[EM] RE: (crossposted) Revisiting Copeland
Kevin Venzke
stepjak at yahoo.fr
Fri Sep 9 13:38:56 PDT 2005
Hello,
--- Abd ul-Rahman Lomax <abd at lomaxdesign.com> a écrit :
> At 10:52 AM 9/9/2005, Kevin Venzke wrote:
> >I couldn't support Copeland unless you use a tiebreaker that satisfies
> >minimal defense. Otherwise:
> >
> >49 A
> >24 B
> >27 C>B
> >
> >A could be elected, for instance with a plurality tiebreaker.
>
> It is one thing to use an example like this for discussion purposes
> on the Election Methods list; it is quite enough to use it on a list
> which is moving toward (or is) a general public discussion. That
> example is so unlikely in a public election that we might as well say
> it is impossible.
I can't understand why you call this scenario unlikely. If you remove
"noise" votes that are too few to make much difference, this seems very
likely, if a third party (behind candidate C) gained enough strength.
> Take 101 random voters in a public election with percentages like
> that . Given that almost fifty percent of this population strongly
> supports A, strongly enough not to even rate the other candidates,
> which is highly unlikely by itself, what is the probability that none
> of the other 51 voters would likewise fail to rate A. What is the
> chance that none of the other voters would actually prefer A over B or C?
The voters are partisan. Those that like A do not like B or C at all. Those
that like B best may prefer either A or C to the other, but it is not usually
strategically wise to rank both of the frontrunner candidates under Condorcet
methods. They do not rank C because this can give the election to C
unnecessarily (that is, if they are confident that the C voters will not
bullet-vote).
> Such an example may well be used to quickly show a characteristic of
> an election method; and the writer doesn't want to take the time to
> construct a more plausible scenario -- which is understandable -- but
> no election method is perfect, probably, so it may well be enough
> that harmful scenarios are very rare.
So you believe voters won't want to truncate? You envision Bush voters
wanting to rank "Bush>Kerry>Nader" because they can?

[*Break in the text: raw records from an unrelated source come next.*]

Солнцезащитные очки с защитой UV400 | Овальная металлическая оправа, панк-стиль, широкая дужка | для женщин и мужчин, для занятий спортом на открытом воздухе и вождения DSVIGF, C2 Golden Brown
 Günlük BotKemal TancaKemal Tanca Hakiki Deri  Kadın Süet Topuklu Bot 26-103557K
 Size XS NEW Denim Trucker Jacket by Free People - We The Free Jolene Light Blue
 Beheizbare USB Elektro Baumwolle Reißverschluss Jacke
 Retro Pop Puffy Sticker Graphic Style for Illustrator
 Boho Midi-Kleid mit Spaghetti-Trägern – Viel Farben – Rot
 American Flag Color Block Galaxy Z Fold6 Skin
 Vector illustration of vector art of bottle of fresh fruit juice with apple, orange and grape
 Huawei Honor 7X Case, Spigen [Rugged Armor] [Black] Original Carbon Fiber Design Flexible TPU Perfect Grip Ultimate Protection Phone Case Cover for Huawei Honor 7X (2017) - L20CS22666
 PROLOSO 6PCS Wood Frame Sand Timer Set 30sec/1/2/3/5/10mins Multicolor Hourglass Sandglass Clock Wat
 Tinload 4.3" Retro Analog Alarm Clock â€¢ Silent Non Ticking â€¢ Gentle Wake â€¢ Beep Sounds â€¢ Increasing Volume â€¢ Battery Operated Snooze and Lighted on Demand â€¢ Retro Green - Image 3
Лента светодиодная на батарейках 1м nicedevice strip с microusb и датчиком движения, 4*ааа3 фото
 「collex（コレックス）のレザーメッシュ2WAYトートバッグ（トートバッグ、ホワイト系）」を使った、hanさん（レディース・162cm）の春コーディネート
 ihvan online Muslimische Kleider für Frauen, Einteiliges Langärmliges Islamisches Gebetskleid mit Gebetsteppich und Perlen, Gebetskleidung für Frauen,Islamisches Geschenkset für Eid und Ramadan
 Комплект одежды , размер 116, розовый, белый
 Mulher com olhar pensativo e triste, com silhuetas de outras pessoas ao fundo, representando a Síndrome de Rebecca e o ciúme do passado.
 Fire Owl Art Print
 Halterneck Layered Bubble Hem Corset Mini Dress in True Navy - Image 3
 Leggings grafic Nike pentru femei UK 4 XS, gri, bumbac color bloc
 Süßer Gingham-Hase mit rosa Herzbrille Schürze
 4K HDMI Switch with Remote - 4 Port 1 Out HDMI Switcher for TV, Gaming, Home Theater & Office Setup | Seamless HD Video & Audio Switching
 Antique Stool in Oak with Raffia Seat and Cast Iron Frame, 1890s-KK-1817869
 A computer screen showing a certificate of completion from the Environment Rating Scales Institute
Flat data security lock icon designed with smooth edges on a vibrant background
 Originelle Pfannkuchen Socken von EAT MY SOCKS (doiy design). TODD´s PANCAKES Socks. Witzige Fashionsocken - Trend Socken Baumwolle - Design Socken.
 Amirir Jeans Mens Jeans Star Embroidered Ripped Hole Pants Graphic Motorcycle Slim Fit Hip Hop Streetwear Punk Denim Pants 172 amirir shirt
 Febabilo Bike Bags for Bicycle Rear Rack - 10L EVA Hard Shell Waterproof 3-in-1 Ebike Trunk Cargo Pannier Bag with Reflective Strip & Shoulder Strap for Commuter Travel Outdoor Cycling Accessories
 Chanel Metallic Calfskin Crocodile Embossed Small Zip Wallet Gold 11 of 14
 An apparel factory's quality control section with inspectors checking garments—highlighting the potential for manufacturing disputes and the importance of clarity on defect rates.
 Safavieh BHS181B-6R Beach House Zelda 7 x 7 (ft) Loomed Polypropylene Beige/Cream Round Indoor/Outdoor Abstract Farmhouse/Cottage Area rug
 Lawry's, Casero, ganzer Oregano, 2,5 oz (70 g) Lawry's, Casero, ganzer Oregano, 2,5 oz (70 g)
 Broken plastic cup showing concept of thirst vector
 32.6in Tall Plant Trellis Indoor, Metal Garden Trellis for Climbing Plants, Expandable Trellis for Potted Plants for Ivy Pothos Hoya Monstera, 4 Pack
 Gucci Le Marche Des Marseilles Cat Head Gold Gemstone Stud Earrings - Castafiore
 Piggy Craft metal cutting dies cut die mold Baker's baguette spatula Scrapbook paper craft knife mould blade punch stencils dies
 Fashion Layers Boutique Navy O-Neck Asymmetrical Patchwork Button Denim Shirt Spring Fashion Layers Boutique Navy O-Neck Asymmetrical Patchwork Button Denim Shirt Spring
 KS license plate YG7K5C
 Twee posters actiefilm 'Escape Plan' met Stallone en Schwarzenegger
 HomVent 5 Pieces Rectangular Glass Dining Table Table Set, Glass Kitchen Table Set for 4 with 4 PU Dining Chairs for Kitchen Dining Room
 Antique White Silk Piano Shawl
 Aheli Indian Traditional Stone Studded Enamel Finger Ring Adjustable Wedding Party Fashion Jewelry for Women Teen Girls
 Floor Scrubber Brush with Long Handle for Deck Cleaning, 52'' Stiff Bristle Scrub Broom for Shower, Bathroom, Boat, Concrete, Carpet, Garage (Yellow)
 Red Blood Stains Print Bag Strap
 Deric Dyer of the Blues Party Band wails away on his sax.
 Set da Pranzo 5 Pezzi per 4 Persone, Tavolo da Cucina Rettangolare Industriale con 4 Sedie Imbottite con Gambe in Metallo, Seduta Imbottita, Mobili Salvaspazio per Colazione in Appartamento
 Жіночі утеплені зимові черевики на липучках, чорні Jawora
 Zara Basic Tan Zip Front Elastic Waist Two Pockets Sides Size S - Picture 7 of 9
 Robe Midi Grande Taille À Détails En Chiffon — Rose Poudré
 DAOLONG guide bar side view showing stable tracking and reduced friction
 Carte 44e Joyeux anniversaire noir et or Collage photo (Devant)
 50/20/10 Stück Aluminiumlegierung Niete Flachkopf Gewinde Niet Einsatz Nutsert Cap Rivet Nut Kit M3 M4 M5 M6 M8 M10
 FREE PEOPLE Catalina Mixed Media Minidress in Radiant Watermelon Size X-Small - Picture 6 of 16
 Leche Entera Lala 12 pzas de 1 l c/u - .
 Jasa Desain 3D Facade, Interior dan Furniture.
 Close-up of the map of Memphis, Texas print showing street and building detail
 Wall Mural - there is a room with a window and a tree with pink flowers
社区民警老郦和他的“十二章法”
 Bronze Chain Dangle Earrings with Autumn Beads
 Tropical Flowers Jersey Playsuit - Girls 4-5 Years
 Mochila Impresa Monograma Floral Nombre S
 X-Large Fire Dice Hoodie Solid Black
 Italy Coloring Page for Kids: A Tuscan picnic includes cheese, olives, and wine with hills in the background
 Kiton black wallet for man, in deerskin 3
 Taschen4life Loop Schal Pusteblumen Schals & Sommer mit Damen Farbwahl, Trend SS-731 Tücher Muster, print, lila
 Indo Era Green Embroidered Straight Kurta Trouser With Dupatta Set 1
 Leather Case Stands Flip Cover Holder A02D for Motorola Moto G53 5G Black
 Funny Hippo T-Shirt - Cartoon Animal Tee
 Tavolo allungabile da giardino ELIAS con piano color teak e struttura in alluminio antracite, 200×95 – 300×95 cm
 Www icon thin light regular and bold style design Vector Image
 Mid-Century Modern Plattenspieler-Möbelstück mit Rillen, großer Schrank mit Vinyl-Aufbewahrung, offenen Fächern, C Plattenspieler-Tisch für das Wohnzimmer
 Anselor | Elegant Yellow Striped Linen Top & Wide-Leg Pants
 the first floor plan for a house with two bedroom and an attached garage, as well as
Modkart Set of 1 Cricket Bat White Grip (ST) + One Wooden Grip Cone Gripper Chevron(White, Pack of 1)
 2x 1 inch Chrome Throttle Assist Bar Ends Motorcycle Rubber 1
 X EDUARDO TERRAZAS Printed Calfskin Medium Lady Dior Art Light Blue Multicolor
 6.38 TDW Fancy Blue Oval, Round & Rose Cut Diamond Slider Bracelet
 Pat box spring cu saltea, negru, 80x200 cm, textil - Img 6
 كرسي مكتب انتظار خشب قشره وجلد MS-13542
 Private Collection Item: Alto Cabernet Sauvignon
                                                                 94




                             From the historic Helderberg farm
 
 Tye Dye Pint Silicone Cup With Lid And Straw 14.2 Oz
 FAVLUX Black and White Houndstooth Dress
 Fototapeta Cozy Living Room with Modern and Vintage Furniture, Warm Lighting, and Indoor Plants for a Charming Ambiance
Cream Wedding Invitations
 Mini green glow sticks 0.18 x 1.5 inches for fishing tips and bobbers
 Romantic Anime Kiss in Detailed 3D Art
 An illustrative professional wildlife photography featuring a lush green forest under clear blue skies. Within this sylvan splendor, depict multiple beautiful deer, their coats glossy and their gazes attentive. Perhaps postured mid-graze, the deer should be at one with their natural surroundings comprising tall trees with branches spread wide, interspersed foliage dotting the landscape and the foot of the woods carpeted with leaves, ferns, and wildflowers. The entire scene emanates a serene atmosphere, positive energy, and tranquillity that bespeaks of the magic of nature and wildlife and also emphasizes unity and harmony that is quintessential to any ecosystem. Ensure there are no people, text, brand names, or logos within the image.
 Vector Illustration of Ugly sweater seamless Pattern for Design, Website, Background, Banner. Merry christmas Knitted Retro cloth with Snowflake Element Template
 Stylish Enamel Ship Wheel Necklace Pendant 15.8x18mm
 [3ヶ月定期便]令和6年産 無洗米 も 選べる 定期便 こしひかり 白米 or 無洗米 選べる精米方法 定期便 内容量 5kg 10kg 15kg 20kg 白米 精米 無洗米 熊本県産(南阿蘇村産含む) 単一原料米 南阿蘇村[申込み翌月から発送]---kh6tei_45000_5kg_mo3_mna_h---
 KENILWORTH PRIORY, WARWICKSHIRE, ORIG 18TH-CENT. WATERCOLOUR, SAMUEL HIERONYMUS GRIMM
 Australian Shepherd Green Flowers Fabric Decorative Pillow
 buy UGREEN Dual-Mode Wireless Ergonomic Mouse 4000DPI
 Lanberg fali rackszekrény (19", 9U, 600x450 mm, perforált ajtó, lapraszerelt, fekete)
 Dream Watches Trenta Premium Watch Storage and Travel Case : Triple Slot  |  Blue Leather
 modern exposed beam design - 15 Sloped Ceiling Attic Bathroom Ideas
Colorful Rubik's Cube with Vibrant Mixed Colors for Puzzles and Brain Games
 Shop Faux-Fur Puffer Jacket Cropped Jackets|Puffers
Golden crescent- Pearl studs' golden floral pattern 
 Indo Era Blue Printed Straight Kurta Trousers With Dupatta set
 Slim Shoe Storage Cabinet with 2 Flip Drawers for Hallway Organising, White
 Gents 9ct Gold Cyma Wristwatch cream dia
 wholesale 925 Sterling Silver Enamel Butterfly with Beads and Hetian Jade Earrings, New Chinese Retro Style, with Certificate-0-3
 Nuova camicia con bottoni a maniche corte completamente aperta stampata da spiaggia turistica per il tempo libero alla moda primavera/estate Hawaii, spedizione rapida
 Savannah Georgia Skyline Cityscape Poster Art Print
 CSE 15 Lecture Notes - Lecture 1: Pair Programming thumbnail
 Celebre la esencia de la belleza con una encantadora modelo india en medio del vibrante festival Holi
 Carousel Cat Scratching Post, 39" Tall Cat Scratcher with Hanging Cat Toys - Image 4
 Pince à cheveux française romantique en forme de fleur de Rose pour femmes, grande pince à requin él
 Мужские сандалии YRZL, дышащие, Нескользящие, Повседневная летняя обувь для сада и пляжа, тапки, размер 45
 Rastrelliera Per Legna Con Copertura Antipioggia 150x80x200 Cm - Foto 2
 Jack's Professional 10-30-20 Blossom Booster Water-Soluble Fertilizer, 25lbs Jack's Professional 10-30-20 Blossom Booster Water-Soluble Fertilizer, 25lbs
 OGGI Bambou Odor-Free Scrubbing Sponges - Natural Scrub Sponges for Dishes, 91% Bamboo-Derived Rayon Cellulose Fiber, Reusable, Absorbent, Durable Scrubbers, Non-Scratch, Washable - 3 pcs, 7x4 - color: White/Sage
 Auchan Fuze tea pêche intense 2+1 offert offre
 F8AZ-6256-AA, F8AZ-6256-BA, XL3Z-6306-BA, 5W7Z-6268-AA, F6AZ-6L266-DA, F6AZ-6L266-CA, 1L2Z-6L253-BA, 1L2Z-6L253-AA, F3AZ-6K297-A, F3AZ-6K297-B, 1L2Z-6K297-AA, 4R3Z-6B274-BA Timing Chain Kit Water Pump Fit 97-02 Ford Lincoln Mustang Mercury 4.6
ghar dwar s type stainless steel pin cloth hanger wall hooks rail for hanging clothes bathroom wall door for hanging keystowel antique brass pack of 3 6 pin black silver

> No election method is going to produce great results with a highly
> polarized electorate, as is shown in this example.
I don't agree with you. If B is elected in the above scenario, we have no
reason to believe that any voter regrets the way they voted.
> As I understand Copeland, truncated votes, as shown, would be
> considered as equal ratings below the rated candidate(s), so the
> complete description of the votes would be
Copeland doesn't use defeat strength, so it is irrelevant how you handle
equal rankings.
> 49: A>B=C
> 24: B>C>A
> 27: C>B>A
No, it would be:
49 A>B=C
12 B>A>C
12 B>C>A
27 C>B>A
This is the margins treatment (that is, pretend that the B voters split half
and half on A vs. C).
> With Copeland, the number of pairwise victories are counted first.
> This would be
>
> A: 0
> B: 75
> C: 78
>
> C is likewise the winner. What is this example supposed to show?
Copeland returns a three-way tie. By the way, did you not have a problem with
C supposedly winning?? C receives acknowledgment from only 27% of the voters!
The example shows that Copeland with a plurality tie-breaker can elect
candidate A, even when more than half of the voters preferred B to A and
didn't prefer A to anybody.
In my opinion, this is a majority rule issue.